1. What is the benefit of carbon tax versus other decarbonisation strategies?

There are a few ways of tackling climate change and lowering carbon emissions.

(a) Internal Carbon Pricing

One way – called internal carbon pricing (ICP) – is for companies to place a monetary value on the carbon emissions or GHGs of their investment and business operations.

This means instead of – or in addition to – only taking into account the financial return of decisions, companies also factor in the impact of their decisions on climate change.

Some companies are already doing this, especially those in the oil & gas, mining and power sectors. They do this to manage climate related risks and prepare themselves for a transition to a low carbon economy.

According to the CDP (formerly the Carbon Disclosure Project), more than 1,200 companies globally are already implementing - or plan to implement – ICP in their business strategy.[1]

The benefit of ICP is its ease of implementation. As an internal decision made by the company, it enables implementation of such climate change mitigation policies quickly.

The challenge in implementing ICP include getting company employees all onboard, and changing a corporate culture previously focussed on financials, to one which takes into account the impact of emissions. This will require a change in mindset and behaviour, perhaps through new key-performance indicators (KPIs) connected to emissions reductions.

(b) Emissions Trading System

Another decarbonisation strategy is to install an emissions trading system (ETS).

One example of this is the European Union’s (EU) ETS, which is a key tool supporting the EU’s policy to mitigate climate change. It was the first, and remains the largest, carbon market system.[2]
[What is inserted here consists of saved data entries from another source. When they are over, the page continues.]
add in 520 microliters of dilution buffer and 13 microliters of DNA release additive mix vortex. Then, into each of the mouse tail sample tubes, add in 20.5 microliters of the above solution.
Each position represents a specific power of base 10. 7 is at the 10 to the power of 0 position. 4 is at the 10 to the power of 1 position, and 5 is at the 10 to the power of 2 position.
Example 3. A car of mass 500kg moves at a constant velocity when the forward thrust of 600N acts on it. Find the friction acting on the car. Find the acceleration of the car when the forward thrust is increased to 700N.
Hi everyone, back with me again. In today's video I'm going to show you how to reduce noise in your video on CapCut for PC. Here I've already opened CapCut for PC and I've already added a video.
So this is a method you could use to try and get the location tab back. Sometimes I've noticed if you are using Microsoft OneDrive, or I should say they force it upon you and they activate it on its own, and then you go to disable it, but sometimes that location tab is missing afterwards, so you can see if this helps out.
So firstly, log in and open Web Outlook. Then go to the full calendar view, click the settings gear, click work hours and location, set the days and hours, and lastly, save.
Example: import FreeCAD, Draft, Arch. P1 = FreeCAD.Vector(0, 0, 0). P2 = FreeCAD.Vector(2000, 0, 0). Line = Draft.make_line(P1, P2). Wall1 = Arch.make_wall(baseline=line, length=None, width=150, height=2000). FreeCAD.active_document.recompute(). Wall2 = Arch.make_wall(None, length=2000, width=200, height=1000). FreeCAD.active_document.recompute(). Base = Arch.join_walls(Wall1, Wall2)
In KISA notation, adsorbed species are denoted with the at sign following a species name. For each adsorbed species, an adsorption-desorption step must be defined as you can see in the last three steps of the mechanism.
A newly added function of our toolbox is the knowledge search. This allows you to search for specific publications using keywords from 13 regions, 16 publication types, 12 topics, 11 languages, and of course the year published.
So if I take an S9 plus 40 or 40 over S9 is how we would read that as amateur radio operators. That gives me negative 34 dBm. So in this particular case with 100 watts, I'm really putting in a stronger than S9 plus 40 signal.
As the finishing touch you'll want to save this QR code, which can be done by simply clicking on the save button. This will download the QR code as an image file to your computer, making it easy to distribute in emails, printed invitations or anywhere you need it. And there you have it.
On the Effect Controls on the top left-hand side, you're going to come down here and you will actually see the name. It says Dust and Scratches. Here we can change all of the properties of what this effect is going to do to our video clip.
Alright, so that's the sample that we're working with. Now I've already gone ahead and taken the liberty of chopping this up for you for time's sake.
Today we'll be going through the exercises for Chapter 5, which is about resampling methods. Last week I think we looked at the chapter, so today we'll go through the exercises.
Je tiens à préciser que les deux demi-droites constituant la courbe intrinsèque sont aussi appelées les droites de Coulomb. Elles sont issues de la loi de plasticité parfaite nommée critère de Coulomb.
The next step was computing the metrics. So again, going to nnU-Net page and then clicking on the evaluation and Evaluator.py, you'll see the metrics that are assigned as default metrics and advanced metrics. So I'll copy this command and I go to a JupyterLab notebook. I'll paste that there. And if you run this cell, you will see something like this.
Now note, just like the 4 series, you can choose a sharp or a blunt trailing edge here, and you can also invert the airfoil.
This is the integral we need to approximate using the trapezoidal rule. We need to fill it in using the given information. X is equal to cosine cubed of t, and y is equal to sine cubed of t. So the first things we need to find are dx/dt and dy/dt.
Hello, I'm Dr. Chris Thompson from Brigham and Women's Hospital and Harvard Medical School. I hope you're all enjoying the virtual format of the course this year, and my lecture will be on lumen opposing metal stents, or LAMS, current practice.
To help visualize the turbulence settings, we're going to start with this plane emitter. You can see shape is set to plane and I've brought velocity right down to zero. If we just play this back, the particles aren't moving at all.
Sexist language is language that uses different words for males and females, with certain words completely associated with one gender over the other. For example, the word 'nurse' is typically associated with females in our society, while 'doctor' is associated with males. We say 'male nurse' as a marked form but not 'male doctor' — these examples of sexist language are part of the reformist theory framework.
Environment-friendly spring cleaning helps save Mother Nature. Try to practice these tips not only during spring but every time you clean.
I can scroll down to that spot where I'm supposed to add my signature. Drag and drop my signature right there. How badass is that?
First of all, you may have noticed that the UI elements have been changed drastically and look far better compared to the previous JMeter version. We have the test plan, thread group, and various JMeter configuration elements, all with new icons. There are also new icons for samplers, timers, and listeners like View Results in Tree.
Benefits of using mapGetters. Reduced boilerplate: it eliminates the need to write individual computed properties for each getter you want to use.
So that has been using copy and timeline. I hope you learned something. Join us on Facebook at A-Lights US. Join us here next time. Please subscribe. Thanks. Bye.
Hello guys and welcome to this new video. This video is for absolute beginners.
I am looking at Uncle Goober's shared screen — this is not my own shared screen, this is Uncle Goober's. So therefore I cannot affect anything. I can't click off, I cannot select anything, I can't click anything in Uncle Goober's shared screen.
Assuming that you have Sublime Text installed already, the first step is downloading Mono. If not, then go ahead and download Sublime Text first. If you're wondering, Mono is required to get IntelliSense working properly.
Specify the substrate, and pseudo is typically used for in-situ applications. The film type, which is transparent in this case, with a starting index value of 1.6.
An ETS operates on a ‘cap and trade’ system. This means setting a cap or limit on the total GHGs emitted by companies and facilities within the system. This cap is reduced gradually over time so that emissions generated concurrently falls over time. In 2020, the emissions from industry sectors within the EU system will be 20% lower than in 2005, and by 2030 the ambition is to reach 43% of 2005 levels.[3]

Within the capped or limited amount, companies receive their emissions allowance or purchase/trade with each other as required to meet their needs. They may also purchase a controlled amount of international credits from approved projects globally. This incentivises companies to produce less GHGs in order to have excess to sell to those who exceed their quota.

The benefit of an ETS system is the fixed and gradually reducing amount of GHGs circulating and traded within the system. This achieves the primary purpose of reducing emissions over time.

The challenges of such a system include the complexity in setting it up, including the required infrastructure, and the requirement to have many parties and jurisdictions sufficiently enlightened and agreeing to be part of the system to make any impact. In addition, it is arguable that one drawback in making carbon credits a commodity within a capitalist system is the possible creation of a new set of issues like hoarding and profiteering – not the original intent of the system.

(c) Carbon Tax

A carbon tax is a fixed fee levied by governments on the burning of carbon-base fuels. This can be done by either taxing companies that produce beyond a certain amount of emissions, or taxing all companies based on their emissions.

Electricity is usually generated by burning carbon-based fossil fuels like natural gas. The purpose of a carbon tax in mitigating climate change is to encourage the transition from fossil fuels to renewable and clean sources of energy like solar power.

In Singapore, the carbon tax, which was imposed since 1 January 2019, applies to companies which emit more than 25,000 tonnes of GHGs per annum, at a rate of S$5 per tonne. This tax rate will be reviewed by 2023, with plans to increase the rate to between S$10-S$15 per tonne by 2030.[4]

The benefits of a carbon tax include:

  • Certainty of the tax rate means that companies can make better informed strategies and plans over the longer term;
  • Motivating the transition to cleaner energy by increasing the conscious cost of carbon-based fuels in businesses; and,
  • Spurring innovation through use of tax revenue for research on renewables, as is the case in Singapore.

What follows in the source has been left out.